Your objective -> Your answer must be the lines from the one containing "The Brave Kitten" through the last line below, copied exactly, with no pictures.

Raw data ->
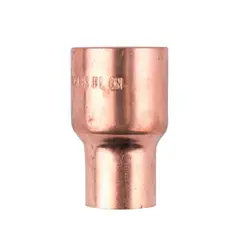 IMPOVAR - Copla cobre SO SO 1/2x3/4"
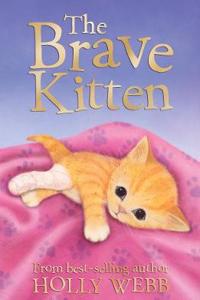 The Brave Kitten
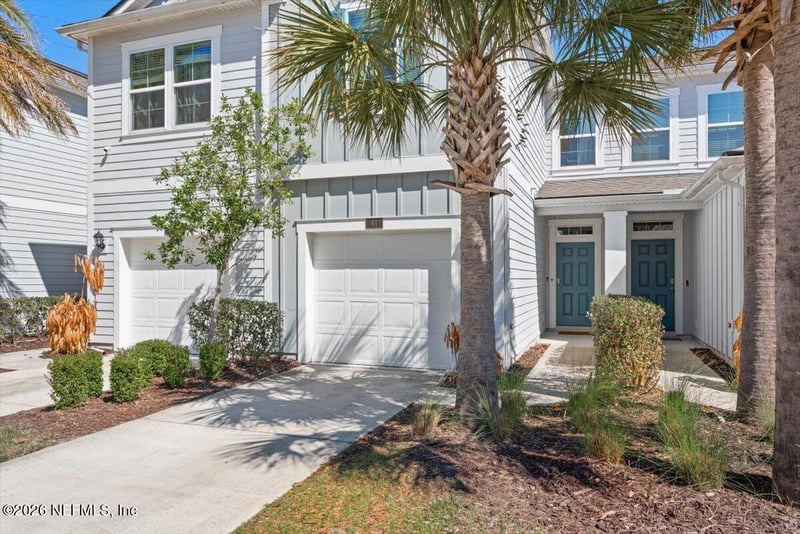 41 Pasadena Dr, St Augustine, FL 32095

Answer box ->
 The Brave Kitten
 41 Pasadena Dr, St Augustine, FL 32095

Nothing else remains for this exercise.